◆ MATERIAL SUPPLIED
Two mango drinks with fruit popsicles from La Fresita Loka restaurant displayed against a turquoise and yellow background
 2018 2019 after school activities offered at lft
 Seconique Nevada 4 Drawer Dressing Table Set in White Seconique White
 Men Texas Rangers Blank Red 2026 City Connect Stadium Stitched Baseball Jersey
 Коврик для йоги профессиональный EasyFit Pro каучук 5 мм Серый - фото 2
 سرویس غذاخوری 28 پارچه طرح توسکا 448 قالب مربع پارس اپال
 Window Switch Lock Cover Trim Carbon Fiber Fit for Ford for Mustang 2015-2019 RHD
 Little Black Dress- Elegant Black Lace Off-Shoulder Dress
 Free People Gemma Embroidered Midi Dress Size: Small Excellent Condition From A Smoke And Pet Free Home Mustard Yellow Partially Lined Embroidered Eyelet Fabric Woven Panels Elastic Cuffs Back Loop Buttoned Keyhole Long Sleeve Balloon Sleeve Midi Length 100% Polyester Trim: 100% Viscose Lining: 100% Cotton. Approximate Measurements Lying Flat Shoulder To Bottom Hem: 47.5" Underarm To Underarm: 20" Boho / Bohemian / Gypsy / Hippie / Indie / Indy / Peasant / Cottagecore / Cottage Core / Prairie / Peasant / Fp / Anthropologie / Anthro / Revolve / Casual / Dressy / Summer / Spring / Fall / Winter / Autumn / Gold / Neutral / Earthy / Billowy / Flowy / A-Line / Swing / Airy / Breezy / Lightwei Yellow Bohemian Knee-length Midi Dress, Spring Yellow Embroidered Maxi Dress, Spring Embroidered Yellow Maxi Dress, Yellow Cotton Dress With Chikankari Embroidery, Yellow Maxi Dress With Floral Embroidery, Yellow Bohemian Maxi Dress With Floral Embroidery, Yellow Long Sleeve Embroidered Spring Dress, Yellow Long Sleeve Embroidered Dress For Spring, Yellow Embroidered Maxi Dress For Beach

◆ ASSIGNMENT
Starting from the first line of the records above, retype each line exactly up to and including the one that contains "Little Black Dress- Elegant", and nothing more.

◆ YOUR RESPONSE
Two mango drinks with fruit popsicles from La Fresita Loka restaurant displayed against a turquoise and yellow background
 2018 2019 after school activities offered at lft
 Seconique Nevada 4 Drawer Dressing Table Set in White Seconique White
 Men Texas Rangers Blank Red 2026 City Connect Stadium Stitched Baseball Jersey
 Коврик для йоги профессиональный EasyFit Pro каучук 5 мм Серый - фото 2
 سرویس غذاخوری 28 پارچه طرح توسکا 448 قالب مربع پارس اپال
 Window Switch Lock Cover Trim Carbon Fiber Fit for Ford for Mustang 2015-2019 RHD
 Little Black Dress- Elegant Black Lace Off-Shoulder Dress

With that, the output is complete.